Egyptian-born Ali Mohamed, 48, admitted conspiring with Osama bin Laden
and others to murder Americans.
Mohamed - who taught US special forces soldiers about Muslim culture - told a New York court that after he had left the army in 1989, he had helped train members of bin Laden's terrorist organisation, al Qaeda in the 1980s.
The bombings of the US embassies in Nairobi and Dar es Salaam in August 1998, were part of an Islamic Jihad, or Holy War, against western targets by bin Laden, he said.
"The objective of all of this was to attack any Western target in the Middle East," Mohamed told the court.
Plea bargaining
Mohamed also revealed that he had helped secretly move bin Laden from Pakistan to Sudan.
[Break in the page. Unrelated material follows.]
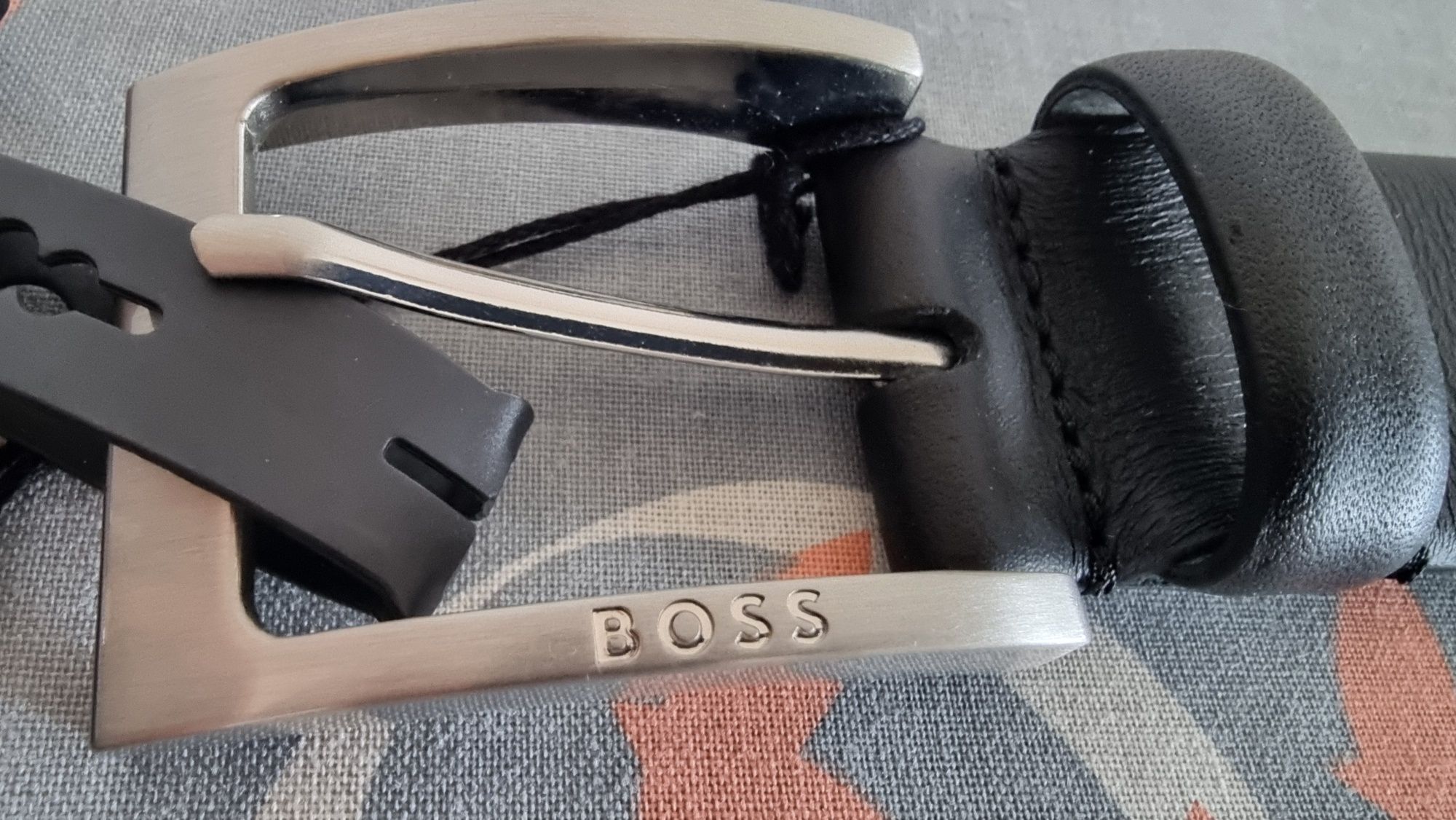 Cinto de pele preto Hugo Boss novo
He was among 17 people charged in connection with the simultaneous embassy bombings.
Mohamed, who entered the courtroom in leg shackles, stood in his
prison blue uniform as he pleaded guilty to charges of conspiring with bin Laden and others to murder Americans
anywhere they could be found.
He also admitted attacking the US military in Somalia and Saudi Arabia, killing Americans at unspecified embassies and to concealing the conspiracy.
His guilty pleas followed a bargaining agreement with prosecutors.
US District Judge Leonard B Sand first said the agreement guaranteed a minimum of 25 years in prison, but after an objection by defence lawyers, the judge did not specify the length of the potential prison term.
Mohamed was among 17 people charged in connection with the embassy bombings.
Of those charged so far, six defendants are held in New York, three others are held abroad and eight are fugitives, including bin Laden, who is on the FBI's 10 Most Wanted List.
The US government has offered a $5 million reward for the capture of each fugitive.